Directed by Salvador Simó
Written by Eligio R. Montero & Salvador Simó. Based on the graphic novel by Fermin Solis
Starring Jorge Usón, Fernando Ramos and Luis Enrique de Tomás
MPAA rating: Not Rated, but does feature three unsettling sequences of animal cruelty from Buñuel’s Las Hurdes
Running time: 1 hour and 20 minutes

by Ian Hrabe

In 1930, Luis Buñuel set out to make the follow-up to his landmark surrealist film L’Age D’Or (co-directed with Salvador Dali) not with another work of surrealism, but a documentary of the poverty-stricken people of the Las Hurdes region of Spain. Buñuel in the Labyrinth of the Turtles chronicles the production of Las Hurdes: Tierra Sin Pan (Land Without Bread) and in the process attempts to reveal the inner workings of a cinematic genius early in his career. It isn’t entirely successful, but the film makes great use of the biopic formula that opts to use a slice of the subject's life to represent the whole rather than the typically ho-hum A-to-Z approach. 

The film begins at the premiere of L’Age D’or where the Parisian audience riots and we see that Buñuel & Dali’s blasphemous cinematic experiment has alienated Buñuel from his financiers (one of whom, we see, has his mother go to the Vatican City to beg the pope not to excommunicate him). When Buñuel’s friend Ramón Acín wins the lottery and offers to fund his documentary, we descend into the fascinating and frustrating world of Buñuel the Filmmaker. Salvador Simó takes us into this world with animation that feels a little ramshackle, but has a handmade charm to it. This look is far better than most of the CGI’d-to-death animated movies that have cornered the market. 

The animation is at its best when delivering the surreal dream sequences Buñuel slips in and out of. This world of melting baguettes and four-story tall elephants standing on stilted legs shows us Buñuel’s baseline, which makes the fact that he is filming what is essentially a realist documentary designed to draw attention and pity to the plights of the people of Las Hurdes that much more interesting. When shooting begins, Buñuel can barely contain his surrealist tendencies. This brings up the question of whether or not a documentary presents the truth verbatim, or if that truth can be stretched and amplified through the creator.  

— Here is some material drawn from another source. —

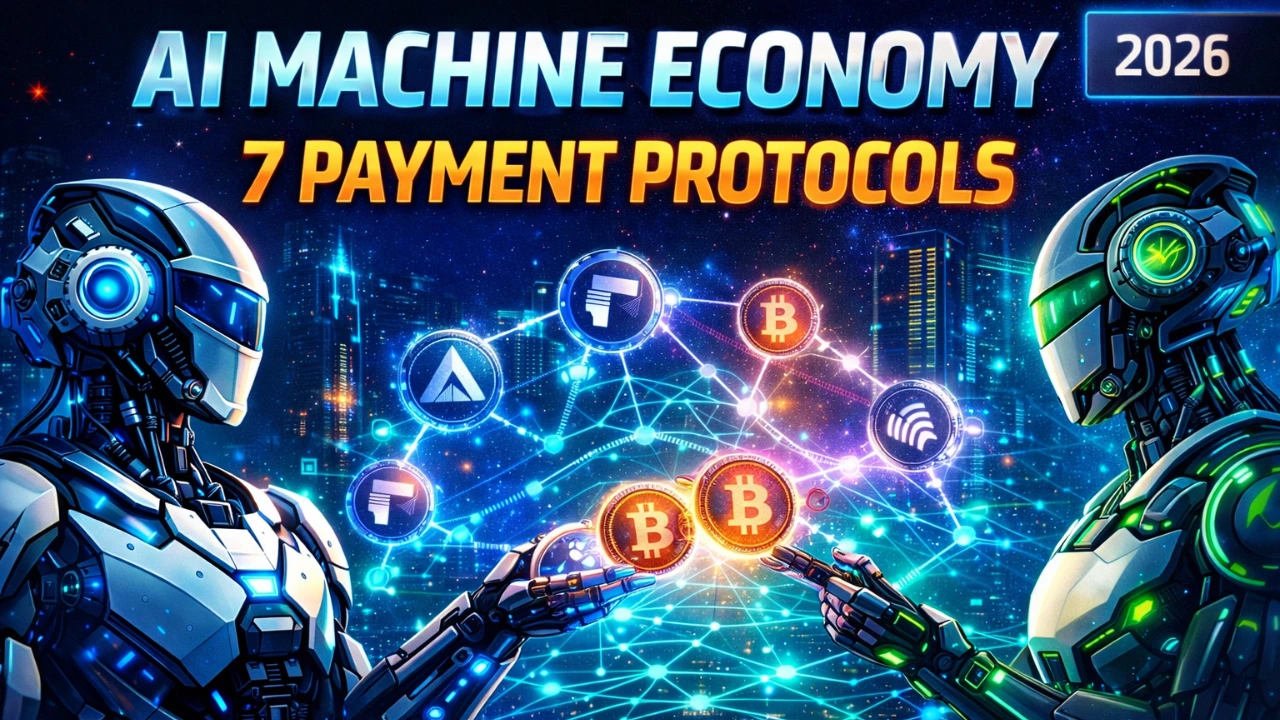 agentpaymentprotocols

We see Buñuel stage three shots in the film, all of them incidentally involving acts of horrifying animal cruelty. The village has a ritual where men ride through town on horseback and rip the head from a rooster dangling over the street. The filmmaker and his crew stage a closeup, but none of the erudite city boys have what it takes to rip the rooster’s head off so they outsource it to a local. Buñuel has heard that goats occasionally fall from the nearby cliffs, and when no goats fall during their visit Buñuel shoots one and sends it down the cliffside in dramatic fashion. The last, but certainly not least (horrifying), involves Buñuel recreating a story he read about the village in the book that spurred him to make the film. The people of Las Hurdes transport their beehives on donkey-back, and occasionally a hive will fall, cover the donkey in honey, and the bees will sting the donkey to death. Buñuel is clearly aroused by this image and deeply committed to including it in his film. One of Buñuel in the Labyrinth of the Turtles’ most interesting elements is when the film cuts to the actual footage of Las Hurdes (as hard as some of it is to watch). It marries the insane vision of Buñuel to his animated counterpart. 

When exploring the filmmaking process, Buñuel in the Labyrinth of the Turtles is engaging. As a film, however, it frequently struggles to dig past the surface level. The film’s coda alerts you that this film was about the relationship between Luis Buñuel and producer Ramón Acín, and while their dynamic of wild artist/conservative moneyman is at the core of the film’s drama, the dots don’t connect the way they need to for the closing pathos to land. There’s a whole subplot about Buñuel being desperate for his father’s approval as a boy that seems to just be there in an effort to give Buñuel depth, but ultimately this has no real impact on the story being told. There are attempts at humor that fall totally flat, and a weird boy’s club vibe that isn’t totally pervasive but features a scene that shows a sexy woman walking down the street and cuts to two men ranking her on a scale of 1 to 10, which is gross and distracting). It’s hard to understand why Buñuel had to make this film in particular when common sense dictated he continue down the surrealist rabbit hole that would lead to some of the most distinctive films of the 20th Century.

One thing the film does exceptionally well is that it avoids painting Buñuel as a wicked genius who needs to be catered to by all of the other characters to make that genius a reality. The crew often ends up bending to his will, but he is at least portrayed as a constant pain in the ass. In one sequence toward the end of filming Las Hurdes he dons a nun’s habit and refuses to remove it before going into the village to film despite the protests of his crew. He eventually takes it off, but only after the mayor of the village calls him a heretic and threatens to kick them out of Las Hurdes (and he really only takes it off when he sees a donkey carrying beehives and knows he needs to be all-business for his forthcoming donkey snuff film). Buñuel in the Labyrinth of the Turtles’ central theme is a meditation on art and reality, and where the two intersect. While it fully reveres Buñuel, it doesn’t worship him, and does a decent job probing at the human being beneath the artiste. Though the film doesn’t always work, it’s a noble effort nonetheless.